Tom Friedman does a roundup of some interesting reactions to the Muhammad video riots, from publications in the Arab world. A sample:
The Egyptian comedian Bassem Youssef wrote in Al Shorouk, translated by Memri, on Sept. 23: “We demand that the world respect our feelings, yet we do not respect the feelings of others. We scream blue murder when they outlaw the niqab in some European country or prevent [Muslims] from building minarets in another [European] country — even though these countries continue to allow freedom of religion, as manifest in the building of mosques and in the preaching [activity] that takes place in their courtyards. Yet, in our countries, we do not allow others to publicly preach their beliefs. Maybe we should examine ourselves before [criticizing] others.”Maybe things are really changing in the Middle East. We'll see.

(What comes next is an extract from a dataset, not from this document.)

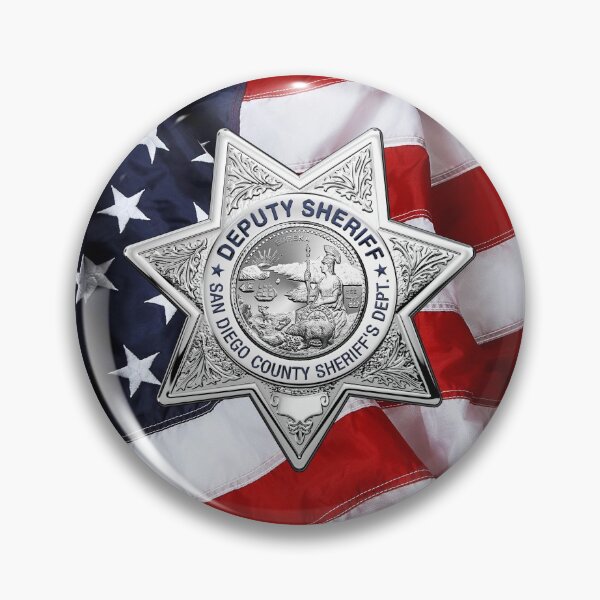 Item preview, San Diego County Sheriff's Department - SDSO Deputy Sheriff Badge Badge over American Flag designed and sold by Serge Averbukh Art Studio.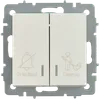 BRITE 2-gang switch with indication for hotels 10А ВС10-2-9-BrZh pearl IEK2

This seems as good a time as any to bring up Memri, which Friedman refers to. The Middle East Media Research Institute provides translations of articles that appear in the Arab press. According to their web site:
MEMRI's work directly supports fighting the U.S. War on Terror. Highly trained staff thoroughly translates and analyze open-source materials that include television programming, radio, newspapers, textbooks, and websites. Every single day, MEMRI receives requests from members of the U.S. government, military, and legislature. Since September 11, 2001, the demand for this material has significantly increased – providing thousands of pages of translated documents of Arab, Iranian, Urdu, Pashtu, Hindi, Dari, and Turkish print media, terrorist websites, school books, and tens of thousands of hours of translated footage from Arab and Iranian television.And little 'ole us can access a lot of this stuff, too. Most of the items translated there don't hold out that kind of hope for the Middle East, however.